I've played both sides of this game. I guess what I'm musing on is: does "paging" (for want of a better term) constitute purely an implementation detail, or is it significant enough to warrant consideration inside the domain model? One could argue the flip side of your position: write a cover method, order.getOrderLines(), that delegates to order.getOrderLines(0, Integer.MAX_VALUE).

I really don't have an opinion yet, and the usual annoying disclaimer about how this will change depending on your requirements etc. still holds, but I've never really seen people discuss paging as anything other than a slap-on UI-driven infrastructure need--and I'm wondering if instead it shouldn't get some first-class love at the domain level. The thought would be something like this: look, deciding how many chunks to retrieve is something that callers really should be thinking about all the time. It isn't tied to a particular technology. For these reasons, the logic would go, make sure every layer down the stack can expose paging as a first-class concern.

I don't know whether I buy that or not; my jury's still out. Anyhow, I thought it would be interesting to see if others have thoughts on this subject--thanks for chiming in!

Cheers,
Laird

whartung
Offline
Joined: 2003-06-13

Well, we can play semantic games.

Paing IS solely a UI manifestation. For example, I don't know of any order posting routine that wants its line items in pages.

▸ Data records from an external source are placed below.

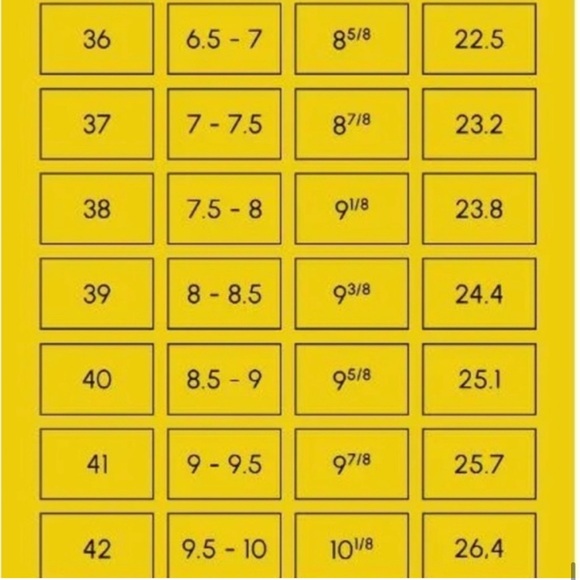 Vibram Size 42 Megagrip Five Finger Shoes - Picture 6 of 6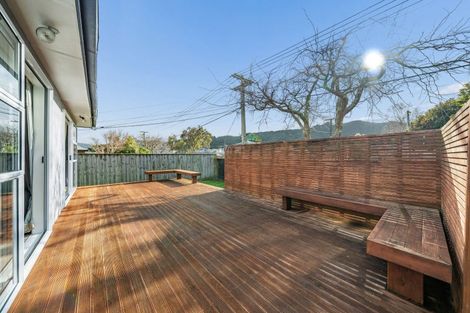 Photo of property in 13 Oxford Crescent, Ebdentown, Upper Hutt, 5018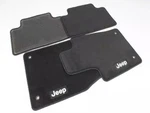 Genuine Mopar Floor Mat 1ZW51DX9AA. Fixed Price $234.12.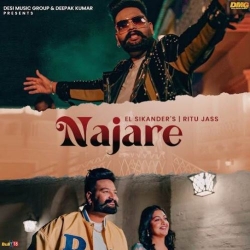 Najare EL Sikander Mp3 Song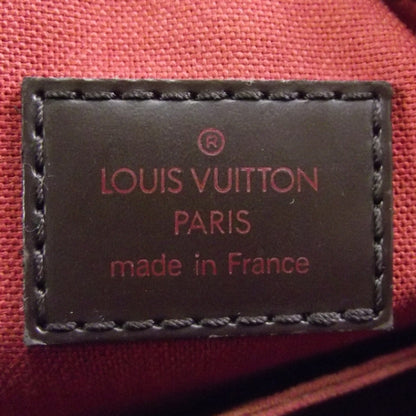 Louis Vuitton Damier Ebene Olav PM Messenger Bag 8 of 9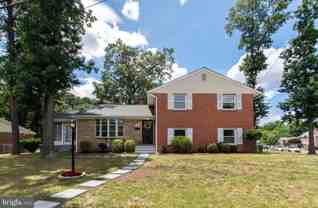 3173 Metzerott Rd #NA - Photo 1 of 1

And, for good or ill, it is performance dependent. Getting and/or caching 10-20 rows is essentially a "free" operation all said and done.

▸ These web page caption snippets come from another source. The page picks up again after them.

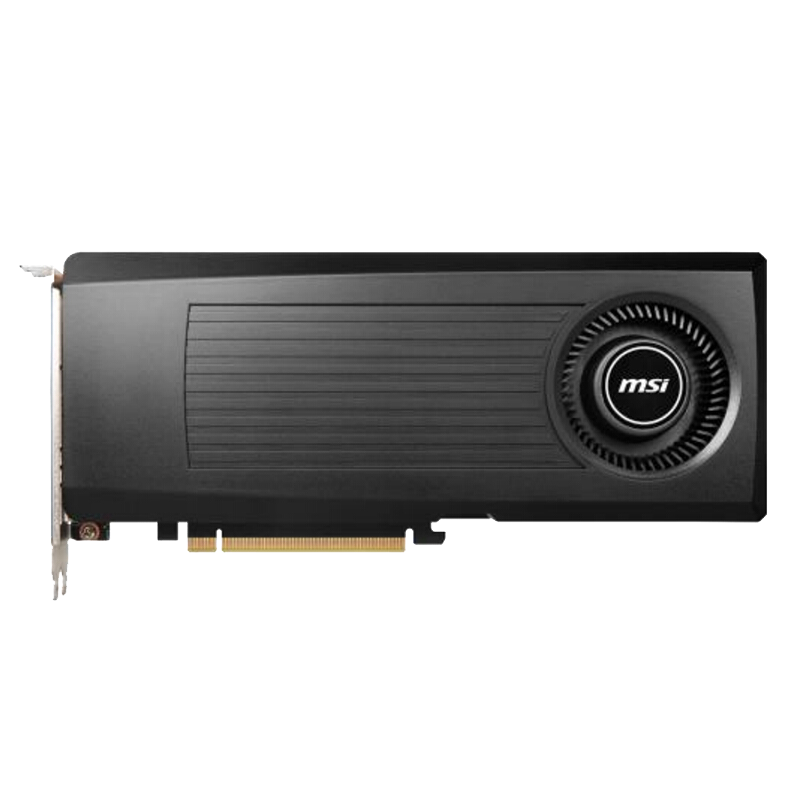 msi /微星rtx2070 super aero 8g怎么样？多人被骗了？事件真相是？
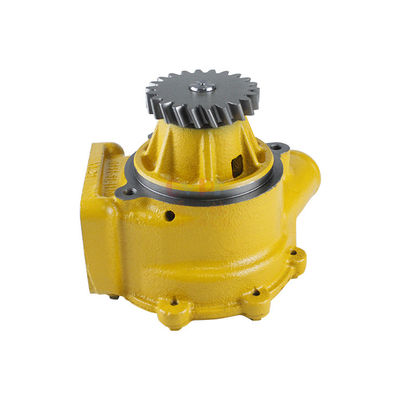 Su pompası Assy 6150-61-1102 kazık makinesi için D50-18 S6D125 High Quality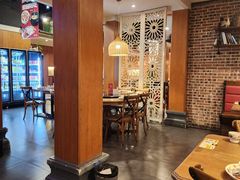 -味莊餐厅(康庄南街店)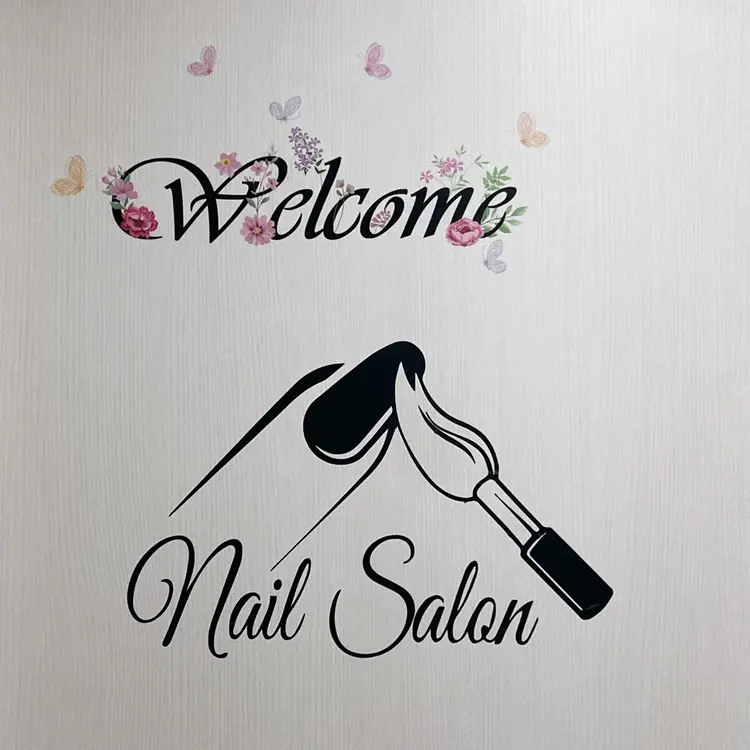 HandSnail自宅サロンの内観・外観2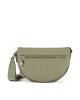Beverly Hills Polo Club Дамска чанта BHPC-C-009-07 Зелен - Mera.bg
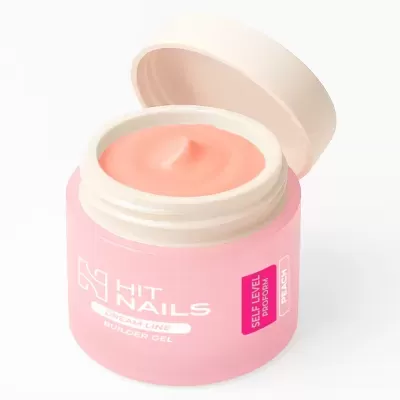 Dream Line Self Level ProForm - Peach 62g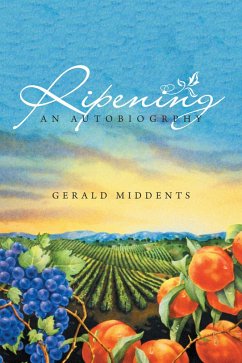 Ripening (eBook, ePUB)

But at some point, the numbers of rows pass the "this is too slow" intangible point.

To address your point, tho, there is really no reason why the persistence layer can't implement, as an optimization through a configuration option, a paging lazy loader.

Toplink, for example, offers the feature that if you pass a unmanaged object via reference (i.e. to a class in the WAR from a Session Bean), it still maintains its lazy load behavior, even though it's not officially managed. I think it wouldn't be a horrible hack to tweak that code to be page senstive, so that when you iterated from objectItems[10] thru [20], the lazy loader is smart enough to load, say, 2 or 3 blocks of rows of data.

But a lot of it really depends on the JDBC implementation. Just because you can specify a scrolling cursor to the DB (a typical mechanism to implement something like this), doesn't mean it performs well. It would be rather yucky to have the driver load the first 1000 rows so it can show rows 1000-1010.

But that doesn't mean that they couldn't offer such functionality thru the Toplink implementation, so that if you DB and JDBC driver support such paging like queries well, you'd be able to leverage them.